Yet another major automotive manufacturer, this time Porsche has signed up to join Formula E. The all-electric category continues to attract auto-makers away from the traditional top-tier of motorsport, Formula 1.
Mercedes is also joining Formula E for the 2019/2020 season. With electric powertrains clearly the way forward for production vehicles, there’s an easy business case for investment into EV motorsport, the innovations of which can flow into the cars we drive on the road in the future.
Porsche and Mercedes join existing manufacturers Audi, DS, Jaguar, Mahindra, NIO, Penske and Venturi on the season six list, along with Nissan – which takes over Renault’s slot – and BMW joining for season five.
The Fédération Internationale de l’Automobile (FIA) accepted Porsche’s application as a Formula E manufacturer. This means that the Weissach factory team can continue to pursue the development of its own electric powertrain, which is due for homologation in 2019.
Porsche’s Vice President in charge of the Formula E Programme, Fritz Enzinger said,
“Over the past few years, the FIA and Alejandro Agag have done a fantastic job.
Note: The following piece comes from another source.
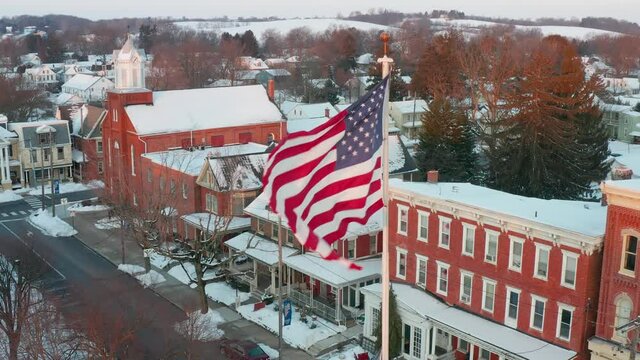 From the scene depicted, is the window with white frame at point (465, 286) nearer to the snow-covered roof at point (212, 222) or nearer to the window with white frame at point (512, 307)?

It is due to this development that we will be able to compete on the race track against many of the world’s largest car manufacturers.”
As with the successful Le Mans Prototype 919 Hybrid project, Andreas Seidl will be responsible for the technical development and the execution of the Formula E programme.
“The possibilities and performance of electric cars have been a central topic at Porsche for quite a while. The deeper our engineers get into the topic, the more fascinating the solutions become. We can’t wait to receive our first vehicle in early 2019 and to test our own powertrain in it. The Gen2 racer, which was unveiled by Formula E in Geneva in early March, is very well executed.”
Formula E will provide the chassis as well as the battery. All powertrain components, however, are the competitors’ own developments. This enables Porsche to find bespoke solutions for key technologies such as the electric motor, inverter, brake-by-wire system, transmission, differential, driveshafts, monocoque and the suspension components attached to the rear-axle, as well as the cooling system and ECU.
The energy efficiency of the powertrain not only plays a decisive role in a competition attracting many of the world’s most renowned car manufacturers, but it is also central to the development of road-going electric vehicles.
Porsche’s entry into Formula E in 2019 will coincide with the market launch of the production version of the concept study Mission E. This vehicle, the first all-electric Porsche, will be the most sports-focussed and technologically-advanced car in its class. Porsche will invest more than six billion Euros in electric mobility before the end of 2022.